■ **What you will do**
Word for word, transcribe the data below from the line with "best wedding photographs, groom" to the line with "Close-up of dark", keeping both of those lines.

■ **Excerpts from a dataset**
*** Begin section ***

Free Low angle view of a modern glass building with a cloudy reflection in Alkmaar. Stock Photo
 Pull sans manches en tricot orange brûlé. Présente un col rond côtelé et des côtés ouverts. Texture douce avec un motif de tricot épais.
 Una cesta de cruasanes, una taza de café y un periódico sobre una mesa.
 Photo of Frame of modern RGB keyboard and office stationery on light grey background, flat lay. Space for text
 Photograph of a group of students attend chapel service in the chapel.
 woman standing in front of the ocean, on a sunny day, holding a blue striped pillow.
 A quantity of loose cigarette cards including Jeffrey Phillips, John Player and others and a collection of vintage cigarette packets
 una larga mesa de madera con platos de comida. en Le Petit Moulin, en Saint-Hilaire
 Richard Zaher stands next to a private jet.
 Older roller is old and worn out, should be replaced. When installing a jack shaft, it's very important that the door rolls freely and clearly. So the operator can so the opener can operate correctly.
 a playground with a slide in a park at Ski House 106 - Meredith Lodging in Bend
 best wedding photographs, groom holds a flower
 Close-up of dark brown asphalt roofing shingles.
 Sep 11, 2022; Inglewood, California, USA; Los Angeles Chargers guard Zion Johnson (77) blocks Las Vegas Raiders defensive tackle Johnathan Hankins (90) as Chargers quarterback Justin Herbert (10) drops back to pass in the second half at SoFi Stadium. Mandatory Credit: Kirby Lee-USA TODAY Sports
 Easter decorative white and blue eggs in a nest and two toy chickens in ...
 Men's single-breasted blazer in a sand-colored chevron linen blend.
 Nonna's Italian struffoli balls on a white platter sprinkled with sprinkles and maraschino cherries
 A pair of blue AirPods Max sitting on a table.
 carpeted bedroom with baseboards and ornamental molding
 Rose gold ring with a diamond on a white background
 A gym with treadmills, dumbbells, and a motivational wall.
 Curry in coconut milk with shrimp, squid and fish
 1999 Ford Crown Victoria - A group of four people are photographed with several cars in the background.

*** End section ***

■ **Written answer**
 best wedding photographs, groom holds a flower
 Close-up of dark brown asphalt roofing shingles.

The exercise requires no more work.